While coordinating the 200 papers of the Underground Press Syndicate, he guest-edited "underground" papers in London, Los Angeles, and Tokyo, returning to New York to publish his own underground tabloid, Other Scenes.

Guide books 
In 1960 Wilcock wrote the first of several travel books for Arthur Frommer, Mexico On $5 a Day, following up with guides to California,  Greece, Japan, and India. During this period he co-edited (with Elizabeth Pepper) The Witches Almanac. Three more books resulted from their collaboration: Magical & Mystical Sites (Europe); an Occult Guide to South America, and A Guide to Occult Britain.  At the invitation of the Venezuelan government he researched and wrote Traveling in Venezuela in 1979 and, in the 1980s and 1990s wrote/edited 25 books for Insight Guides.

Andy Warhol 
During a five-year association with Andy Warhol, Wilcock audiotaped the enigmatic artist's closest associates, asking them to "explain" him, publishing the results in 1971 as The Autobiography and Sex Life of Andy Warhol. This $5 biography became a rare book offered for sale on Amazon at prices close to $1,000. A revised edition of the book was released in 2010.

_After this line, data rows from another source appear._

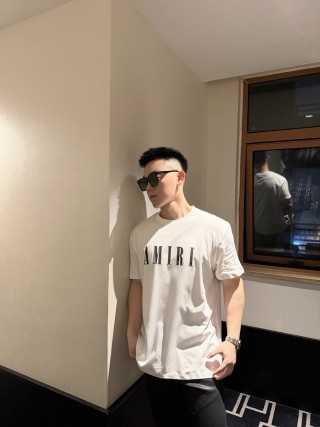 Amiri Logo White T-Shirt view 2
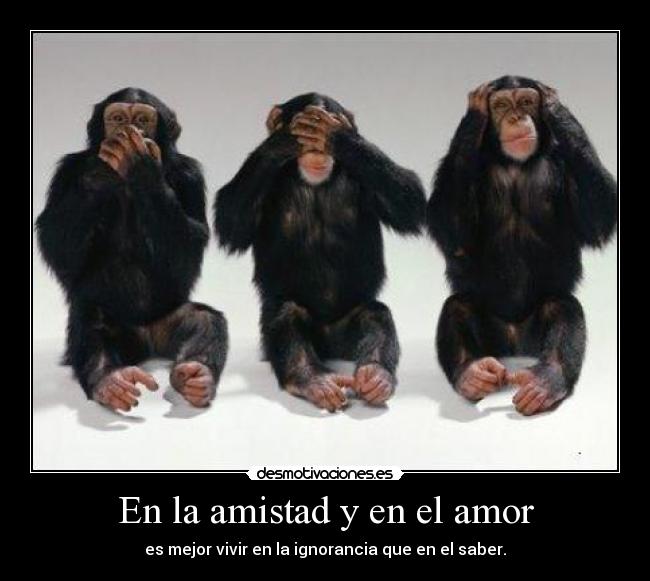 En la amistad y en el amor - 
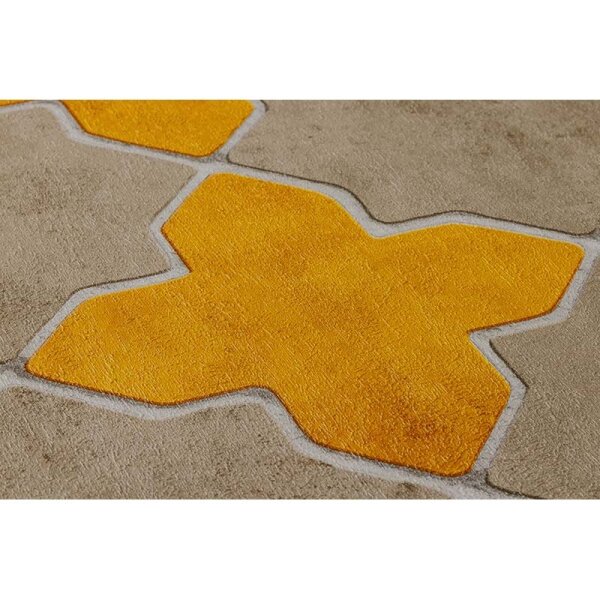 Tapete Braun, Gelb, Vanille livingwalls Vliestapete (374212)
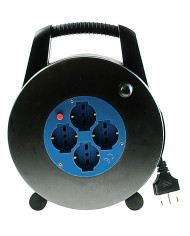 PROLUNGA ELETTRICA AVVOLGIBILE 15MT+4 PRESE 10/16A
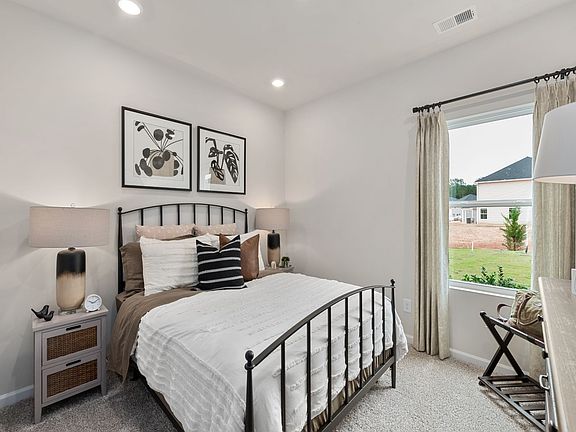 The first-floor bedroom make a great home office or guest suite.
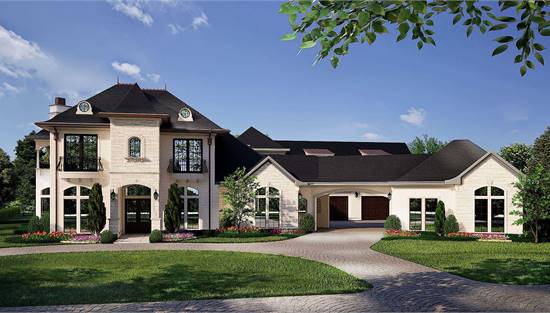 Elegant Neoclassic with Spiral Staircase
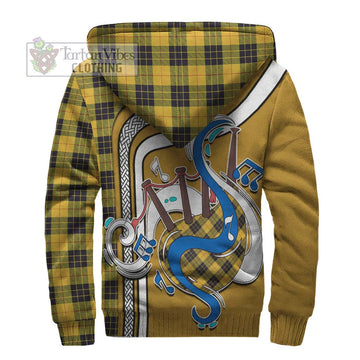 MacLeod of Lewis Ancient Tartan Sherpa Hoodie with Epic Bagpipe Style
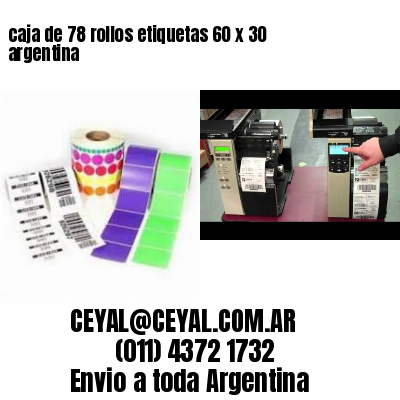 caja de 78 rollos etiquetas 60 x 30 argentina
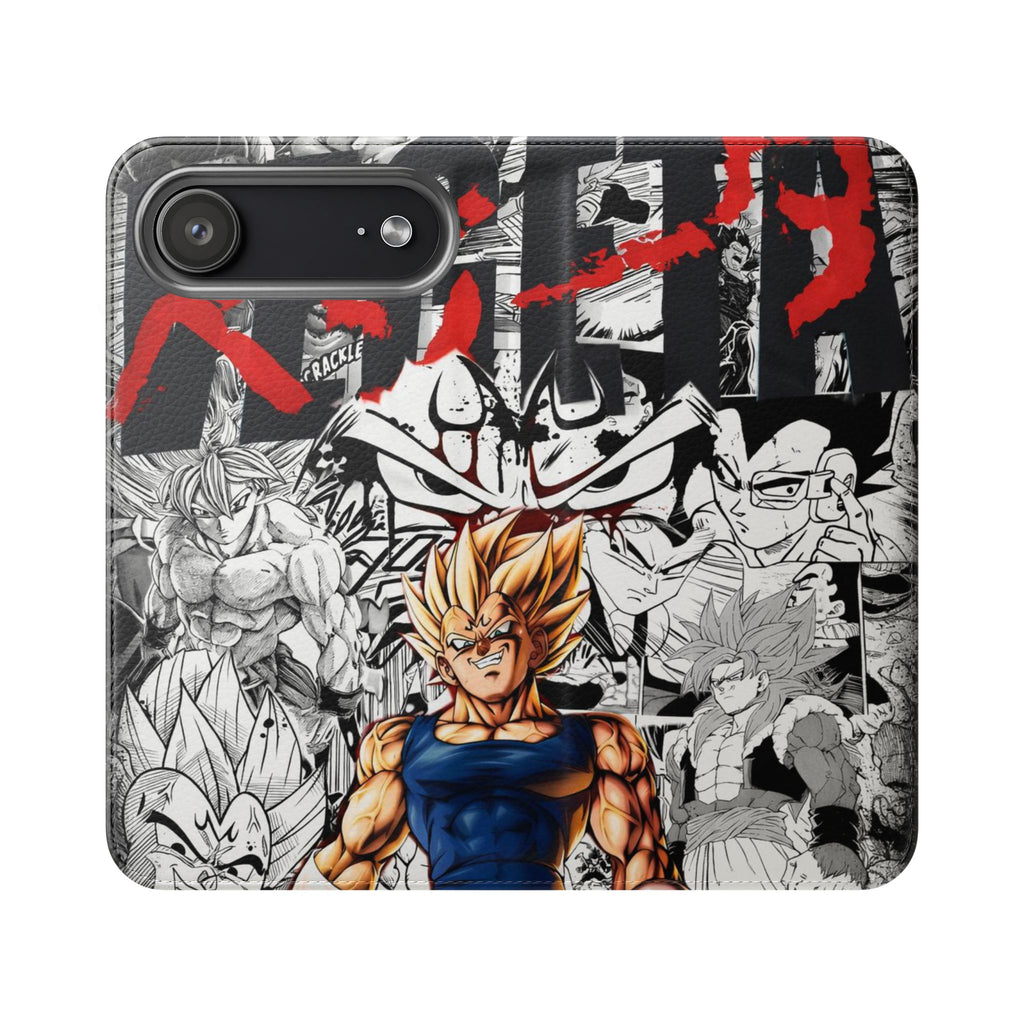 Anime Saiyan Collage Flip Case — Super Saiyan Goku Phone Wallet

Wilcock co-founded Interview magazine with Warhol in 1969.

Later life  
Relocating to Ojai, California, in 2001, Wilcock began publishing an international monthly magazine, the Ojai Orange, free to his friends in a dozen countries, along with his weekly column and his weekly public-access television travel show.

Personal life and death 
Wilcock married Amber (Ellen) La Mann (also known as Amber Nomi Lamann) in Tokyo, Japan, in December of 1967. They divorced in 1972.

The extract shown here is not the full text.